JTT
 
  0  
Tue 30 Nov, 2010 08:59 pm
@Eorl,
Quote:
you'd not be able to cast your Mind back that far, since you'd be stuck just casting...


Specially if you were hit with early onset dementia.
Eorl
 
  0  
Tue 30 Nov, 2010 09:40 pm
@JTT,
And the biblical god is showing all the symptoms!
0 Replies
 
cicerone imposter
 
  0  
Wed 1 Dec, 2010 12:19 am
@edgarblythe,
I agree; we are our own god at the mercy of nature. If we are fortunate to have been born with all of our biology that's considered normal, and are born in a country that provides all the opportunities for education and work, we are the fortunate ones.
spendius
 
  -1  
Wed 1 Dec, 2010 04:40 am
@cicerone imposter,
There you go folks. The Original Garden of Ignorance. It all grows on trees. It hasn't been made to happen at all. The Western lifestyle is just "there". No credit due to anyone. Just luck. Simply poofed into existence.
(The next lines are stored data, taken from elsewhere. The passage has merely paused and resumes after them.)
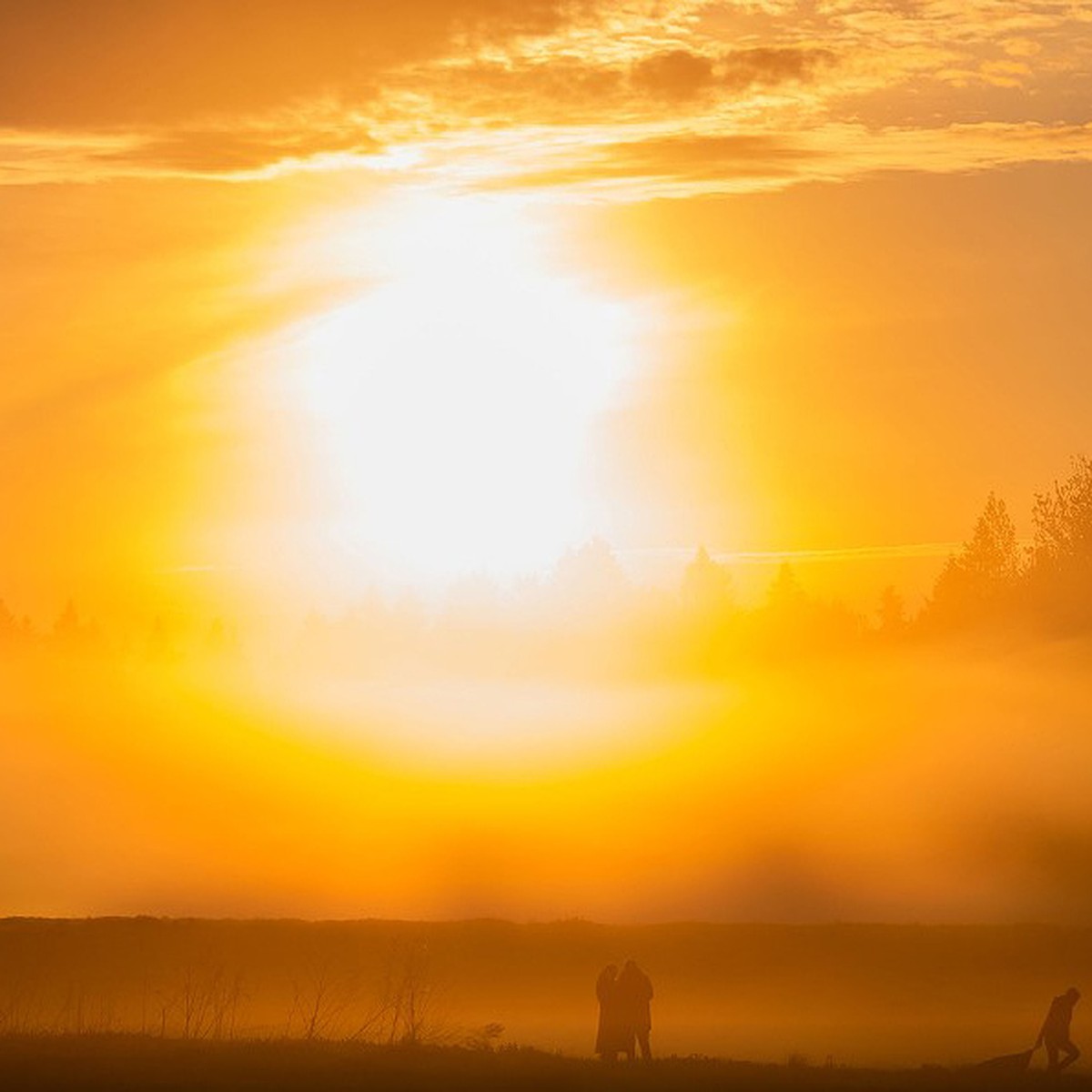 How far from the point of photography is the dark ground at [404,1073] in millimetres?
46031

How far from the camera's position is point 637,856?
107m

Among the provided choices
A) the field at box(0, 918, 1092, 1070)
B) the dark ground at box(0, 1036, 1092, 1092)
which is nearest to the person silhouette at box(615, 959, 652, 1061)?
the dark ground at box(0, 1036, 1092, 1092)

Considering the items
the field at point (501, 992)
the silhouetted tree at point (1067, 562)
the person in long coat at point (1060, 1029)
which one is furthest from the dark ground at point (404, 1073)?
the silhouetted tree at point (1067, 562)

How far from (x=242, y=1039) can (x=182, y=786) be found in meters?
104

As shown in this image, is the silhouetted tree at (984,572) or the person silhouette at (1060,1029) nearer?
the person silhouette at (1060,1029)

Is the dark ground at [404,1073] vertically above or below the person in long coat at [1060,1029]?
below

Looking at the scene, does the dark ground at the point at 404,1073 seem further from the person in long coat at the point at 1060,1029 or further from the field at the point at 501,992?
the person in long coat at the point at 1060,1029

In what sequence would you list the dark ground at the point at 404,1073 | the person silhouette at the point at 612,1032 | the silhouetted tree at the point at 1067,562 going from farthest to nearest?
the silhouetted tree at the point at 1067,562, the person silhouette at the point at 612,1032, the dark ground at the point at 404,1073

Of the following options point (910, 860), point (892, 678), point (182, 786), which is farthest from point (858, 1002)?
point (892, 678)

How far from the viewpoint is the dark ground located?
46031 millimetres

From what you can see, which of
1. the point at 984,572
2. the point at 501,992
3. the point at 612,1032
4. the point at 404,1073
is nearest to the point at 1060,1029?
the point at 612,1032

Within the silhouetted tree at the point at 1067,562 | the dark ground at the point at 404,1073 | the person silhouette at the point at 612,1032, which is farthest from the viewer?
the silhouetted tree at the point at 1067,562

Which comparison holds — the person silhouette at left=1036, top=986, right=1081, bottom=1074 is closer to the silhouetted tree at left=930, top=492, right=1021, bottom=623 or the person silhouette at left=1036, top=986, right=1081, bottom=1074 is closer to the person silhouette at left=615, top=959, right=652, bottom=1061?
the person silhouette at left=615, top=959, right=652, bottom=1061

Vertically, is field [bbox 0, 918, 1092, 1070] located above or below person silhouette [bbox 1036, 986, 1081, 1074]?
above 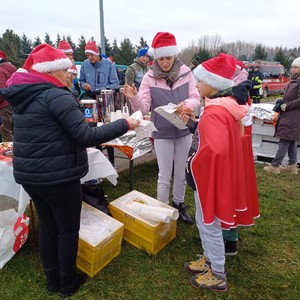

It shows how foreign travel broadens the mind and keeps one in touch with the real world.
edgarblythe
 
  1  
Wed 1 Dec, 2010 02:52 pm
The woman I described earlier (the one that wrote a letter expressing the need to move this country under godly rule) stopped me on the sidewalk today. She told me her friend was undergoing surgery at that very minute. She began the conversation by asking me to pray for him. Ultimately, she said, "Let's pray for him right now." I considered faking it, but that avenue would lead to any number of tangled scenarios, particularly since I no longer have a grasp of the proper way to do it. "I don't have time right now," I protested. She said, "Well, I know you will pray for him." I mumbled something and we each went our way.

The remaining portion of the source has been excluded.